Ford: Has it been hard to be restrained? Are there times when you draft a tweet and say, "No, I'm gonna trash that one.''

White: Yeah, of course. I'm fallible. I don't expect that all my interactions have been perfect or will be perfect. But I do have very high expectations for myself because I recognize that what's at stake is much bigger than being petty. It's so easy to be petty when you think there's no hope you'll be able to even have a respectful conversation. That's how it can often devolve. Online, when you're not face to face with someone, you can ignore they're a real person. Lately I have gotten some of those messages where it's like, 'OK, this person clearly isn't trying to add anything or take away anything. They might not even believe what they're saying, they just get a kick out of being mean.' You have to be aware of what you're dealing with. I generally try not to block people. You deserve more than one opportunity to bring something constructive to the table. Who knows what epiphany someone could have?

Ford: Skating can be a very snarky, subjective environment.

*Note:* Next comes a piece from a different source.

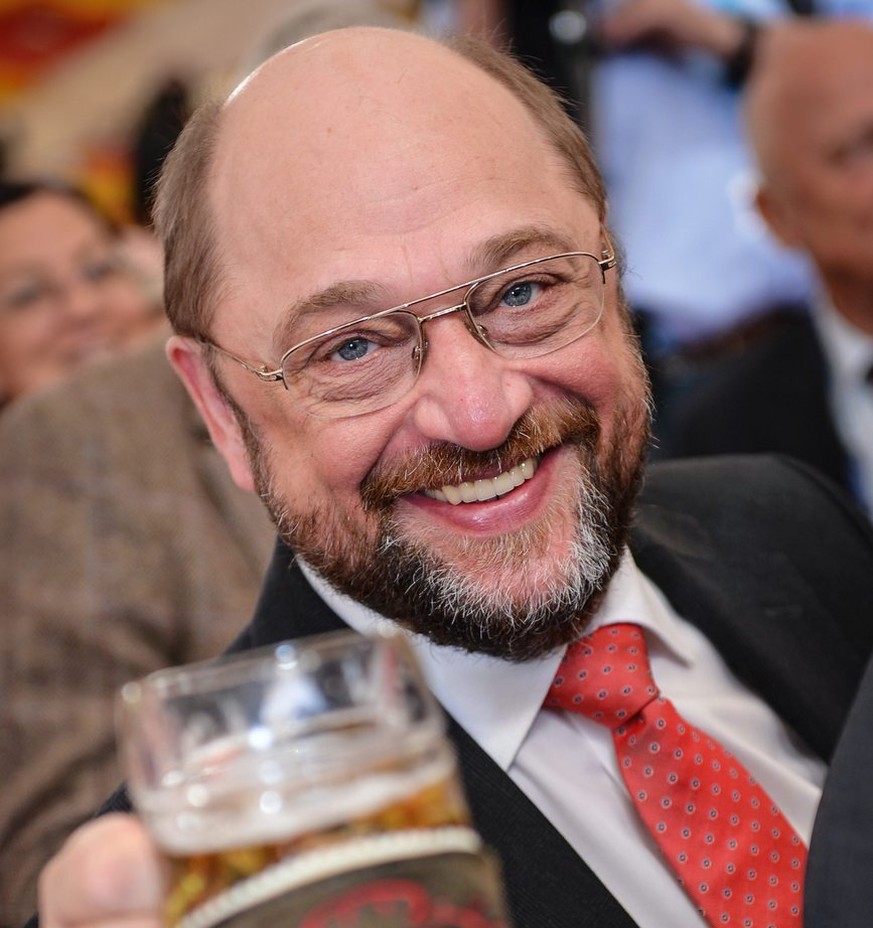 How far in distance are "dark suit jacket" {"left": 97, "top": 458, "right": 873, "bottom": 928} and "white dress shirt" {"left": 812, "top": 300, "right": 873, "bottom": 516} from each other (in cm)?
129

But I've got to believe the worst of what you experienced then is nothing compared to what you could experience now.

White: As an athlete, I always had a very stoic approach. I want to apologize, but it was probably the right way of handling myself when we were competing -- I wasn't a good interview. I didn't say interesting things. I probably said about the same thing in 90 percent of my interviews for about eight years. But for me, it was always a matter of show, don't tell. If I had something to say, I did it by practicing hard, being consistent, keeping a level head and going out and doing my best. I think that allowed me to stay away from making critical mistakes at the wrong times. I feel the same way now. As long as you take an intelligent and measured approach to the things that matter to you, and you do so with an open mind and a kind heart, thinking about more than just yourself, then you can't be disappointed with the outcome. I feel that way about Twitter, and I feel that way about politics, and I feel that way about life. I think it's served me well so far. If through my actions and my words I can give strength, or courage, or a new take on the same information to 10 percent of the people who hear me or listen to me or care about what I say, then I think that will have been worth it. Even if zero percent are interested in what I have to say, I can't be disappointed in my own effort. That's certainly something I've taken from what I had to go through in skating.

Ford: You're still in that skating world, making a living in a different way, and I assume will do so indefinitely. Your sponsors, your agent -- have there been any uncomfortable conversations?

White: I haven't had a direct conversation with anyone about it. I know my parents are proud, which means a lot to me. Taking my tone and my approach into account, I don't think there's much to be worried about. Ultimately, when you feel as strongly as I do about questions of morality and ethics, you can't sell yourself short on that. There is a balancing act, of course. But I feel a great sense of duty to the country that allowed me the opportunity to have such a fantastic life, to represent them at the Olympics. I guess if there's an issue that ever arises, I'll have to deal with that. Right now, I feel fortunate that I haven't had any pressure to stay quiet.

Ford: Is it possible we would see you out marching?

White: Yes, absolutely. It's been exciting to see the way the public has responded. It's not easy to go out and take a stand for something you believe in. But that's how we started this country. It's a way of getting people -- not to think the same way, but to really think hard about what it is our country should be representative of.